The furnace sits to the side of the new enclosure & duck work runs right over top so we are thinking we will tie a duct into it with a thermostat to keep at 80. I have two che's, one for each end, & ordering a new Solar Raptor today. BTW- my solar I am using for my RT is reading at 160. My 100 W Power sun at the same height & brand new was only at 60..... Totally worth the $ if you live in a frozen waste land like me. 
Will post more pics as I add the "furniture" Appreciate any feed back or additional Ideas.


----------



## Jacqui (Mar 3, 2014)

The bulb in the far right side, what is it?


----------



## lismar79 (Mar 3, 2014)

Jacqui said:


> The bulb in the far right side, what is it?



That's just a grow light I used to determine the right height of the center bar!
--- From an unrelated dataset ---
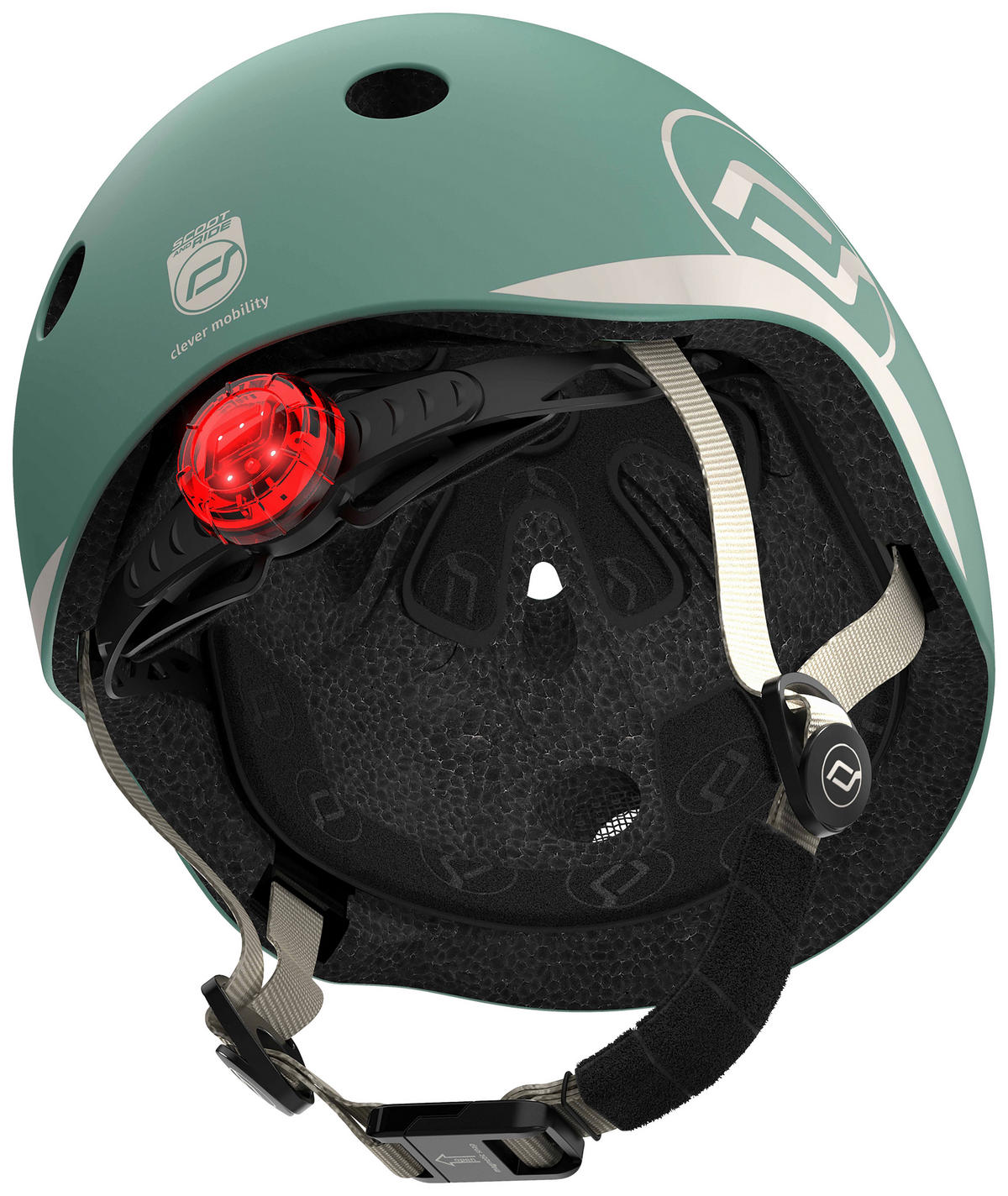 KINDERHELM XXS-S  - Dunkelgrün/Hellgrau, Trend, Kunststoff/Textil (XXS-Snull) - Scoot and Ride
Would not use the coil bulb for the torts.


----------



## wellington (Mar 3, 2014)

Looks great. Sounds like you got a great plan for now and down the road.


----------



## lisa127 (Mar 3, 2014)

Its funny you should post this. Just yesterday I was thinking of how a twin bed would be a great start to an indoor enclosure for my boxies.


----------



## lismar79 (Mar 3, 2014)

lisa127 said:


> Its funny you should post this. Just yesterday I was thinking of how a twin bed would be a great start to an indoor enclosure for my boxies.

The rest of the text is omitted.